# ant problem



## anandcholli (Feb 8, 2010)

Hi all,

I've two young Indian fantail female pigeons from almost a month now. I keep them in a spacious wooden box with some food and water all the time. 

Recently I've noticed that few medium sized red ants say some 8-10 in numbers always roam in and around the boxes. My pigeons are not even bothered about them and always look quite comfortable but I'm little worried. I don't want to kill but to get rid of them.

Help!


----------



## M Kurps (Mar 19, 2009)

Do you have any D.E. for swimming pool filters ?
Kurps


D. E. = Diatomacious Earth


----------



## anandcholli (Feb 8, 2010)

Nope I dont have one


----------



## sreeshs (Aug 16, 2009)

Sweep the ants from the inside and put some turmeric powder around the wooden box. Keeping food inside the box all time is not advised, one thing is that it can get contaminated with the poops, second its open invitation for not only ants, but rats and raccoons


----------



## anandcholli (Feb 8, 2010)

Ok Thanks guys ... 

I'll try and let you know if that works


----------



## M Kurps (Mar 19, 2009)

Crushed Lime (garden lime) from Home Depot,Lowe's ... would work if you sprinkle it around the entire border of the floor of the box. Sprinkle it around the outside of the box also (underneath). Let us know how it works.
Kurps


----------



## anandcholli (Feb 8, 2010)

Sure M Kurps ... I'll try that. Tx.


----------



## Charis (Feb 11, 2007)

Ants are very damgerous to your birds.

http://www.pigeons.biz/forums/f6/had-a-bad-thing-happen-here-today-28655.html


----------



## anandcholli (Feb 8, 2010)

That was really heart breaking. 

This morning I fully cleaned the box and even removed the food. Hmm in the evening, there was not even a single ant in the box . Now I'm planning to clean the box everyday.


----------



## valeri (Sep 6, 2009)

If you use D.E. (diatomaceous earth) -- don't use the swimming pool variety. It is not safe for people or pets.

Buy food-grade D.E. online, or locally in some nurseries. And because D.E. can be inhaled, just be cautious when sprinkling it.

That being said, I use it all of the time for ants (not pigeon related) and it works very well.


----------



## Chilangz (Apr 3, 2008)

hey Anand,

Cleaning daily is advisable, but try some turmeric powder, its natural and should help.
Good to see that the feed is kept outside the box........


----------



## Pawbla (Jan 6, 2009)

They are there for the seeds. Try to find the ant colony (just follow an ant or two, they'll take you there) and poison them. That's what I do.


----------



## sreeshs (Aug 16, 2009)

I won't suggest poisoning them, all these things can live side by side. I have regular visits from red ants, they come in group of 6 or 8 check up the place, take some grains and leave off.
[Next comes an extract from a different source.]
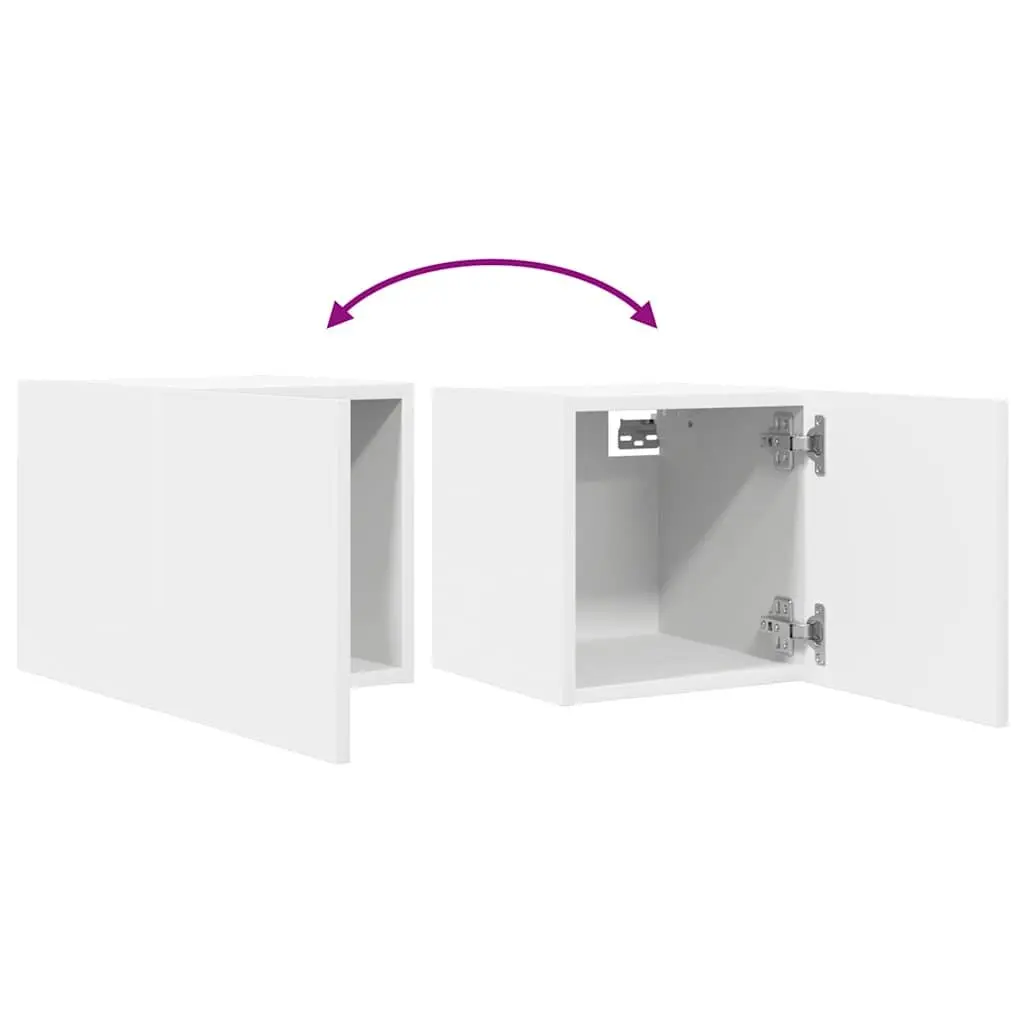 Wall Mounted TV Cabinet Set 4 Pieces Storage Compartment Home Entertainment Unit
Their colony is at the corner of my compound wall but I never had a problem.


----------



## anandcholli (Feb 8, 2010)

I'm cleaning the pigeon box everyday ... and feed my pigeons outside. So, no ants noticed inside the box.


----------



## soymi69 (Nov 12, 2007)

You can use Permectrin, or go to home depot and buy ant granules, this is good stuff, some of the ants will bring it to their nest and kills the rest of the colony. Just make sure it is away from other animals, borax powder is good to, just sprinkle around where you think ants will climb and your problem will go away.


----------



## Pawbla (Jan 6, 2009)

I get problems from the ants because they also eat my plants. So I started just killing every ant collony, or if not I'll wake up with half a plant eaten by them. Same with snails, although I feel a bit worse for those. Not for ants, I doubt they have any kind of conscience. They just work for their queen and nothing else. Kind of a weird species if you ask me.

Great you didn't find any more ants


----------